Par un mémoire enregistré le 24 septembre 2025, la préfète de l’Isère conclut au rejet de la requête.
Elle expose que les moyens soulevés par la requérante ne sont pas fondés.
Vu les autres pièces du dossier.
Vu :
- la Convention européenne de sauvegarde des droits de l’homme et des libertés fondamentales ;
- le code de l’entrée et du séjour des étrangers et du droit d’asile,
- la loi du 10 juillet 1991 relative à l’aide juridique,
- le code de justice administrative.
Le président du tribunal a désigné Mme Conesa-Terrade, première conseillère, pour statuer sur les recours dont le jugement relève des articles L. 922-1 à L. 922-3 et R. 922-17 du code de l’entrée et du séjour des étrangers et du droit d’asile.
Les parties ont été régulièrement averties du jour de l’audience.
Au cours de l’audience publique du 26 septembre 2025 à 11h00, ont été entendus :
- Mme Conesa-Terrade en la lecture de son rapport ;
- les observations de Me Megam, représentant Mme B… et en présence de Mme C… interprète en langue arabe.
La clôture de l’instruction a été prononcée à l’issue de l’audience.
Considérant ce qui suit :
Par un arrêté du 9 septembre 2025, notifié le jour même, la préfète de l’Isère a obligé Mme A… B…, ressortissante tunisienne née le 7 octobre 1994, à quitter le territoire français sans délai, en fixant le pays de destination, et en l’assortissant d’une interdiction de retour sur le territoire français pour une durée d’un an, et par un arrêté du même jour, l’a assignée à résidence dans l’attente de l’exécution de la décision d’éloignement. Par la présente requête, Mme B… demande au tribunal d’annuler ces deux arrêtés.
Sur les conclusions aux fins d’admission provisoire au bénéfice de l’aide juridictionnelle :
Aux termes du premier alinéa de l’article 20 de la loi du 10 juillet 1991 relative à l’aide juridique : « Dans les cas d’urgence (…), l’admission provisoire à l’aide juridictionnelle peut être prononcée soit par la juridiction compétente ou son président. ».
Compte tenu de l’urgence qu’il y a à statuer sur la demande de Mme B…, il y a lieu de l’admettre au bénéfice de l’aide juridictionnelle provisoire.
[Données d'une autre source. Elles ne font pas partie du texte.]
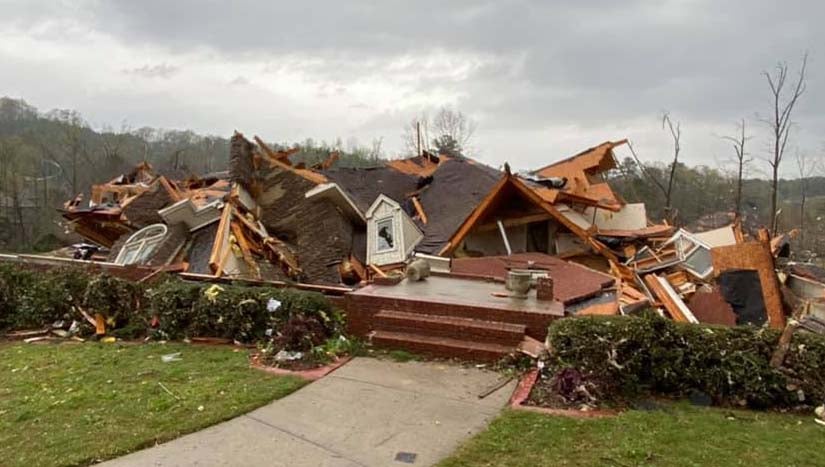 Alabama tornadoes: 5 people killed as at least 7 twisters rip state ...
Sur les conclusions aux fins d’annulation :
En ce qui concerne l’arrêté décidant son éloignement sans délai fixant le pays de destination assorti d’une interdiction de retour sur le territoire français pour une durée d’un an :
S’agissant de la régularité de l’arrêté en litige :
Le moyen tiré de l’incompétence de l’auteur de l’acte manque en fait, la préfète de l’Isère ayant produit au dossier la délégation de signature accordée au secrétaire général de la préfecture, régulièrement publiée au recueil des actes administratifs de la préfecture de l’Isère, et dès lors librement consultable par le public. Le moyen doit, par suite, être écarté.
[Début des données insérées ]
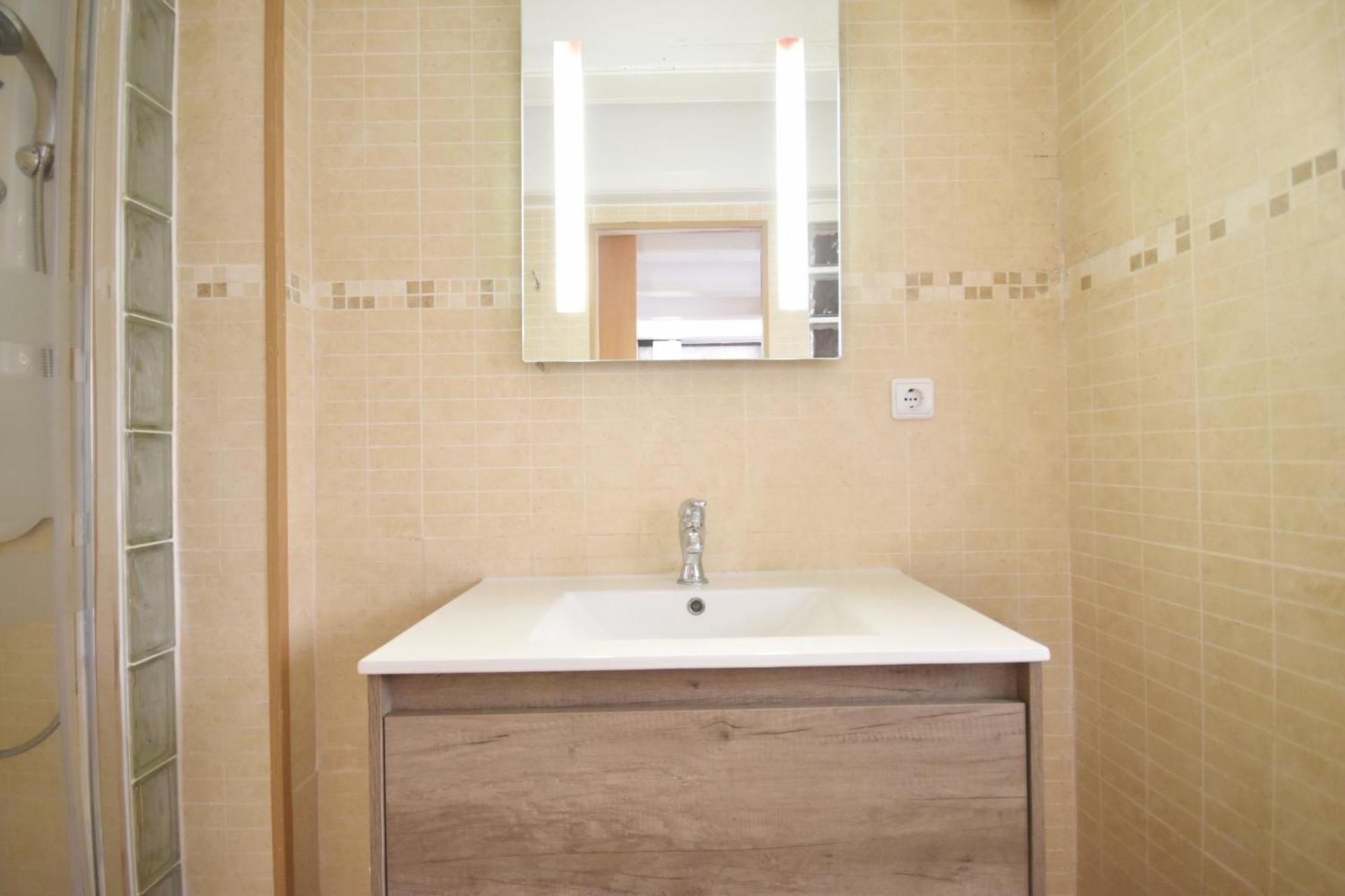 Centrico Apartamento Al Lado De Torres De Quart Valencia Exterior photo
D’une part, les dispositions du code de l’entrée et du séjour des étrangers et du droit d’asile relatives aux décisions portant obligation de quitter le territoire français constituant des dispositions spéciales par lesquelles le législateur a entendu déterminer l’ensemble des règles de procédure administrative et contentieuse auxquelles sont soumises leur intervention et leur exécution, les dispositions de l’article L. 121-1 du code des relations entre le public et l’administration ne sont pas applicables à l’édiction d’une décision relative au refus de délai de départ volontaire, d’une interdiction de retour sur le territoire français ou d’une assignation à résidence d’un étranger faisant l’objet d’une obligation de quitter le territoire français pour laquelle le délai de départ volontaire est expiré ou n’a pas été accoré, décidée sur le fondement de l’article L. 613-2 et de l’article L. 731-3 du code de l’entrée et du séjour des étrangers et du droit d’asile et qui doit être motivée en application de l’article L. 732-1 de ce code. Par suite, le moyen tiré de la méconnaissance des dispositions du code des relations entre le public et l’administration doivent être rejetées comme inopérants.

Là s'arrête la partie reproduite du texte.